Hey i was just wondering how to easily tell the difference between a taipan and a Brown Snake cause we have had a heap of these snakes getting around and we dont no which one they are,


----------



## m.punja (May 27, 2008)

textilis - common/eastern browns have spots/specks on their bellies, not sure about western browns. I'm pretty sure the tais don't. Either way, good idea to steer clear


----------



## dodgie (May 27, 2008)

Taipans have a coffin shaped head.


----------



## Mulcahy (May 27, 2008)

well they have the coffin shaped head so we may have to get the snake man in


----------



## flinders (May 27, 2008)

m.punja said:


> textilis - common/eastern browns have spots/specks on their bellies, not sure about western browns. I'm pretty sure the tais don't. Either way, good idea to steer clear




tais do have orange - pink spots as well.


----------



## voodoo (May 27, 2008)

Coastal Taipans are common up your way. The easiest way to id a taipan is the head is usually lighter than the rest of their body.
Both these snakes are North QLd forms

Brown



Taipan


See the difference

Cheers
Dee


----------



## cockney red (May 27, 2008)

Even more so if they're EB'S.


Mulcahy said:


> well they have the coffin shaped head so we may have to get the snake man in


----------



## mysnakesau (May 27, 2008)

The park I worked with have coastal and inland taipans. I don't remember their heads looking like that. But with the coastals, their face seems to be more whiter than the browns though. But then they were only youngsters too, don't know if that makes any difference.


----------



## FNQ_Snake (May 27, 2008)

The best way to tell a Taipan from a Brown is the cream coloured bottom lip on the Taipan. It is quite distinctive. 

Disclaimer: This; however, is no fool proof method. Either way, if you get bitten your pretty buggered.


----------



## Australis (May 27, 2008)

Colour is a very poor indicator of species.


----------



## FNQ_Snake (May 27, 2008)

Australis said:


> Colour is a very poor indicator of species.
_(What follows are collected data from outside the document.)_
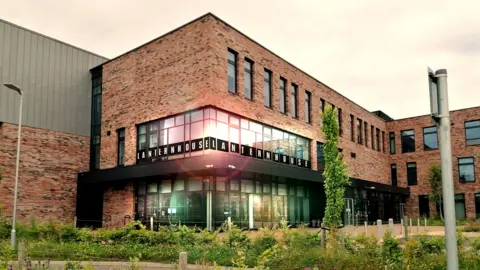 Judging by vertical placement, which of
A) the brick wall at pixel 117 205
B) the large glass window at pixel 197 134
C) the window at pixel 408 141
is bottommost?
the brick wall at pixel 117 205

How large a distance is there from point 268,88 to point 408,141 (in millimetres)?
29883

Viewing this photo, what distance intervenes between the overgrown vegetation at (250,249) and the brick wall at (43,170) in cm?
956

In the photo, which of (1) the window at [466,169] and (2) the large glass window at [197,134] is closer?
(2) the large glass window at [197,134]

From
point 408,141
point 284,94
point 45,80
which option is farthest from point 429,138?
point 45,80

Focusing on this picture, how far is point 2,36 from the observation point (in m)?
30.8

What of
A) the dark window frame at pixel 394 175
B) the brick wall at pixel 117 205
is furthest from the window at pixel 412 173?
the brick wall at pixel 117 205

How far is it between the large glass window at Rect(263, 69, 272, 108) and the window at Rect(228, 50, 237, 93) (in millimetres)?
3648

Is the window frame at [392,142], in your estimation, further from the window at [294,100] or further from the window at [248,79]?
the window at [248,79]

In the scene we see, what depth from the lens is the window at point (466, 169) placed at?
49.6 metres

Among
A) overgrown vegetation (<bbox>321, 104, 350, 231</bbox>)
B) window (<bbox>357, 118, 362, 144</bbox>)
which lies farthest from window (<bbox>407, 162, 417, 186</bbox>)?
overgrown vegetation (<bbox>321, 104, 350, 231</bbox>)

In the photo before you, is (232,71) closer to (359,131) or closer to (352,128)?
(352,128)

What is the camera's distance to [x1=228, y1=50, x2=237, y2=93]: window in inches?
1112

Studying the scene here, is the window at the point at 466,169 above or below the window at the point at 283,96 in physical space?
below

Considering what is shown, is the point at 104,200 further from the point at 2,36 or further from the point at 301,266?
the point at 301,266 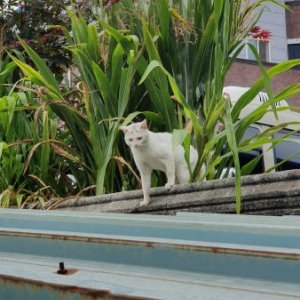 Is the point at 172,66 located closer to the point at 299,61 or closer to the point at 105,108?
the point at 105,108

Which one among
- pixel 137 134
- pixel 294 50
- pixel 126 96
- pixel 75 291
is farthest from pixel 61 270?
pixel 294 50

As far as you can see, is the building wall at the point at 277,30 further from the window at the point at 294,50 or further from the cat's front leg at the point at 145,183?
the cat's front leg at the point at 145,183

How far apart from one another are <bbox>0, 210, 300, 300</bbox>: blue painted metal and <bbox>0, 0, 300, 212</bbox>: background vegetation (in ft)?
6.10

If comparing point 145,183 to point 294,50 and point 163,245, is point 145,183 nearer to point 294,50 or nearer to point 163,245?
point 163,245

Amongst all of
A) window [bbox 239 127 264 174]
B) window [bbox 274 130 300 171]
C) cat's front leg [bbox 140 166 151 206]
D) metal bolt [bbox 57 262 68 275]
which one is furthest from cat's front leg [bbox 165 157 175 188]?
metal bolt [bbox 57 262 68 275]

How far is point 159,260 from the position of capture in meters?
0.92

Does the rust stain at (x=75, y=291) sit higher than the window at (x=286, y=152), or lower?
higher

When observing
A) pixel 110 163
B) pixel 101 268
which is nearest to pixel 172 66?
pixel 110 163

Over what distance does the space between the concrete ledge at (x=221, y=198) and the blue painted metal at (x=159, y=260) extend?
1202 millimetres

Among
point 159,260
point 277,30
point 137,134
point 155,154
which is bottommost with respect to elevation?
point 155,154

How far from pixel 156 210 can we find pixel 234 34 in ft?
4.10

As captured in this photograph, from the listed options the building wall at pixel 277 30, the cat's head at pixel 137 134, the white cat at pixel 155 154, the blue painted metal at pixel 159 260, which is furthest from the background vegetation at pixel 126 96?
the building wall at pixel 277 30

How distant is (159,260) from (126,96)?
7.88ft

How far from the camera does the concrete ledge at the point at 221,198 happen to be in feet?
7.88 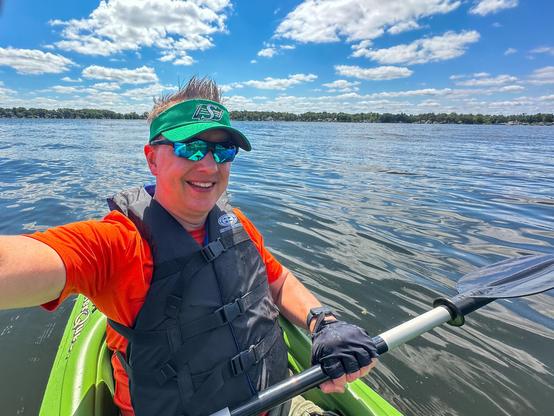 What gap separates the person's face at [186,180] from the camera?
200 centimetres

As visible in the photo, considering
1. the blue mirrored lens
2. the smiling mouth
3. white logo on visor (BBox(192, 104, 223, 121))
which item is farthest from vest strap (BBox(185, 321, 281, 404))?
white logo on visor (BBox(192, 104, 223, 121))

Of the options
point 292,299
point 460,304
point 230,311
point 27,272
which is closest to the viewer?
point 27,272

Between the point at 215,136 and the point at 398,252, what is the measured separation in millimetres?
5027

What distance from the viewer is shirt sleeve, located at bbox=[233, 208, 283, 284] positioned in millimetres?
2500

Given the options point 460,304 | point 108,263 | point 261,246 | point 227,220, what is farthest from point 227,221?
point 460,304

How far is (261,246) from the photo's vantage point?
2.55 metres

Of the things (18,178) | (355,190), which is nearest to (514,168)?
(355,190)

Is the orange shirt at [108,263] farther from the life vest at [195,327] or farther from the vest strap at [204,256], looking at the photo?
the vest strap at [204,256]

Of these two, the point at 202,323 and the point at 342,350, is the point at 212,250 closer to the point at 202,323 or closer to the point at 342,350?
the point at 202,323

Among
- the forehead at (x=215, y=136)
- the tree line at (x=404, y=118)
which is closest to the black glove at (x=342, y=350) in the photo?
the forehead at (x=215, y=136)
I realise this professor, but can you show me a Brown with a creamy coloured bottom lip? If you can I will retract my statement. This also the reason for my disclaimer.


----------



## Mulcahy (May 27, 2008)

thnaks for all the help we have defently got a family of taipains moved in we seen two babys yesterday and a big one on friday


----------



## FNQ_Snake (May 27, 2008)

Good luck with it mate, they are a beautiful creature. If you can try and get some pics for us (do so safely though).

Cheers

P.S. You don't want to get bit like the other two blokes a couple of weeks ago.


----------



## Mulcahy (May 27, 2008)

i dont plan to get bitten haha


----------



## tan (May 27, 2008)

What area are you in?


----------



## Australis (May 27, 2008)

FNQ_Snake said:


> I realise this professor, but can you show me a Brown with a creamy coloured bottom lip? If you can I will retract my statement. This also the reason for my disclaimer.



My comment wasn't exclusive to your post for a start, so bloody relax man you will live longer.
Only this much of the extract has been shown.